Kids Using CAD & 3D Printers to Test Turbine Design Solutions

RIPPL3D.com has announced a supplemental virtual challenge in the wake of the success of The Wind Turbine Challenge at the Smartforce Student Summit at IMTS 2014.  Held every other year at McCormick Place in Chicago, Illinois, the International Manufacturing Technology Show is the largest and longest running manufacturing technology trade show in the United States.

students 3d printing challenge The Wind Turbine Challenge was presented by RIPPL3D.com and sponsored by the SME Education Foundation, which has provided more than $33 million since 1980 in grants, scholarships and awards through its partnerships with corporations, organizations, foundations and individual donors.  Students were asked to use CAD modeling tools to create and test wind turbine solutions during the Challenge in the Make It! area of the Student Summit. Winners were awarded a $600 test stand to take home to their schools.

According to Pam Hurt of the SME Education Foundation, “The Wind Turbine Challenge at IMTS was a perfect example of the SME Education Foundation leading student engagement on the show floor.  We provided hands-on activities that allowed students to design, print and test their wind blade, exposing them to manufacturing through 3D technologies.”

All schools that registered or attended the Smartforce Student Summit are eligible to participate in this new virtual challenge. Teachers are requested to organize their school’s designs and submissions; each school can submit up to five designs. Designs can be created and submitted here. This virtual challenge will run through until October 31. Completed builds will be tested and the results uploaded to the online leader board.

At the event, uPrint SE Plus 3D printers were provided by Stratasys for the Student Summit. Stratasys will also be supporting the virtual challenge by printing designs submitted through the virtual challenge online.
RIPPL3D.com is a web enabled gaming site that leverages 3D tools (freeware solid modeler & 3D Printers) that introduces users to the product development cycle of Design/Build/Test through various games and creative virtual environments.  Users are also encouraged to iterate their attempts while applying what they learned from past attempts.

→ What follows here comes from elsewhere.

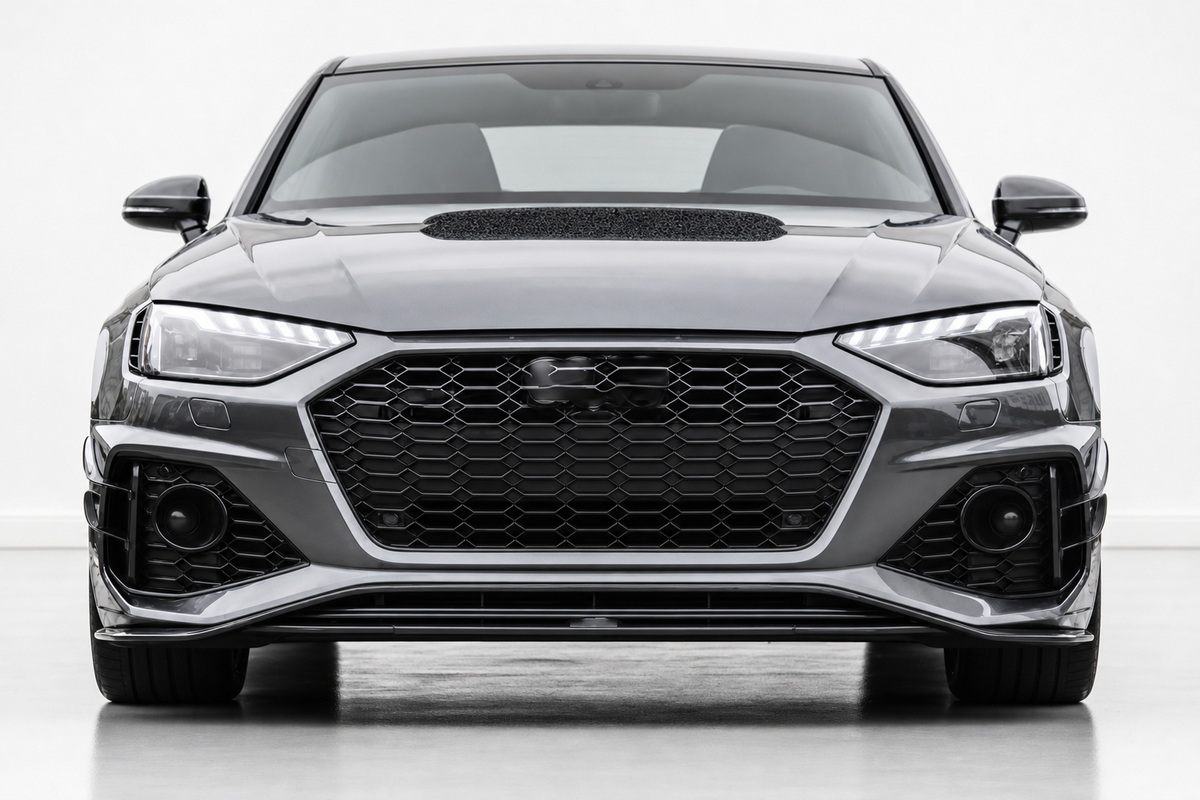 Audi RS4 B9.5 Dry Carbon Fibre Front Spoilerlippe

Excited from the success of the event, Bill Macy of RIPPL3D.com said: “We were excited to watch group after group gather around the test stations to naturally collaborate on a design strategy. Kids that didn’t even understand principles like rotational inertia, drag, and aerodynamic forces, left talking about how their designs were affected positively or negatively by these principles of physics. But the best part was finding the students that ‘engaged’ the exercise and watched the leaderboard to make sure that they made every attempt at reaching their best design. They will be our future designers!”